> _EXERCISE REQUIREMENTS_: Output the listing word for word, minus images.

> _SOURCE DATA_:
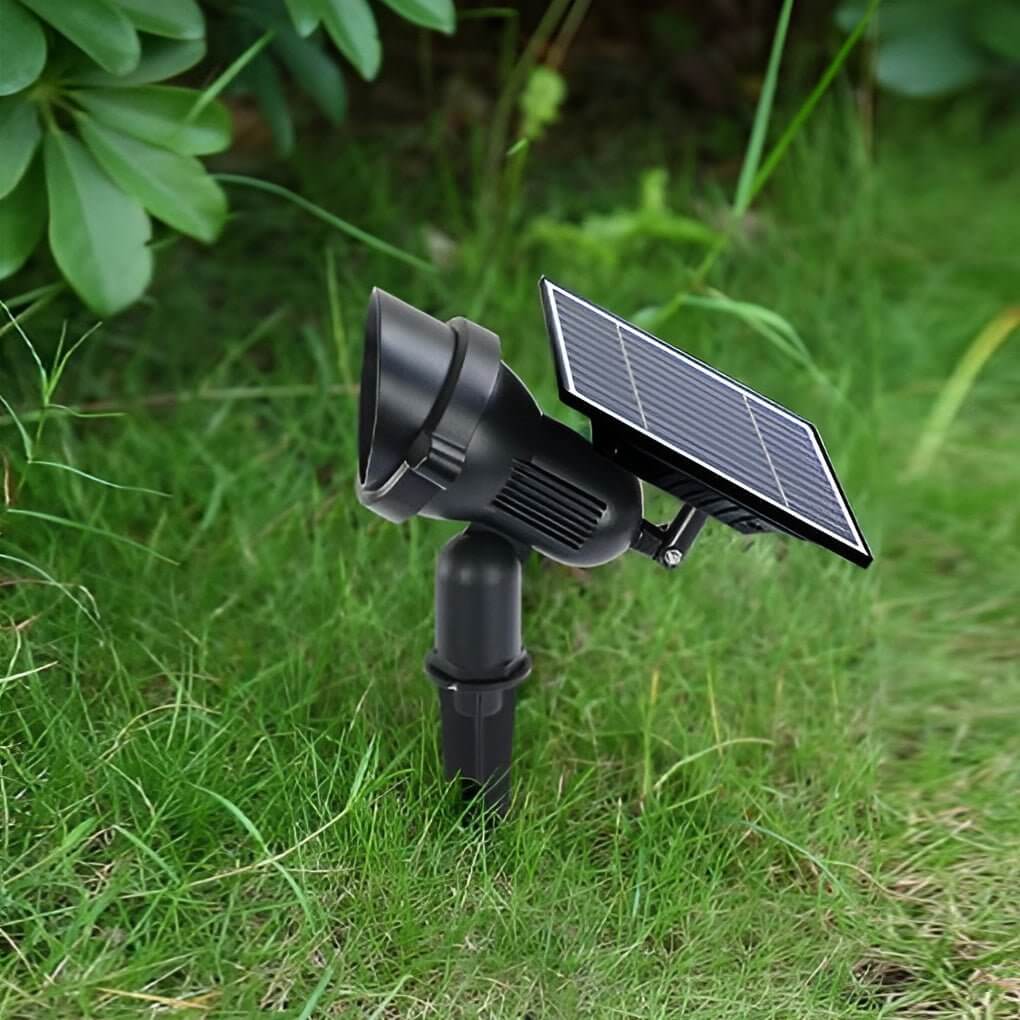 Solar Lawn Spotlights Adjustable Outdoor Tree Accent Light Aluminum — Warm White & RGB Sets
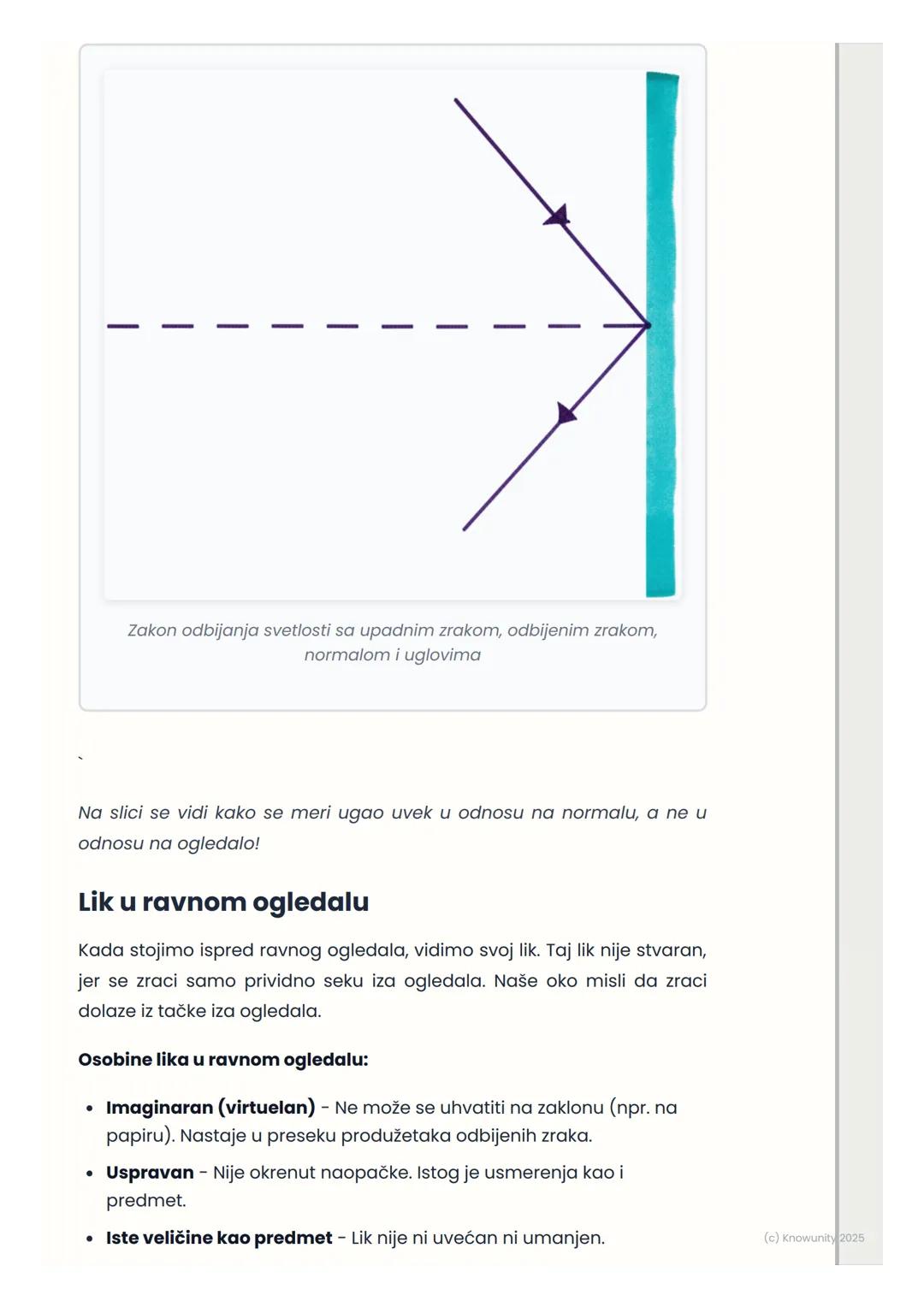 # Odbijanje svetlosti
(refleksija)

> _EXERCISE ANSWER_:
 Solar Lawn Spotlights Adjustable Outdoor Tree Accent Light Aluminum — Warm White & RGB Sets
 # Odbijanje svetlosti
(refleksija)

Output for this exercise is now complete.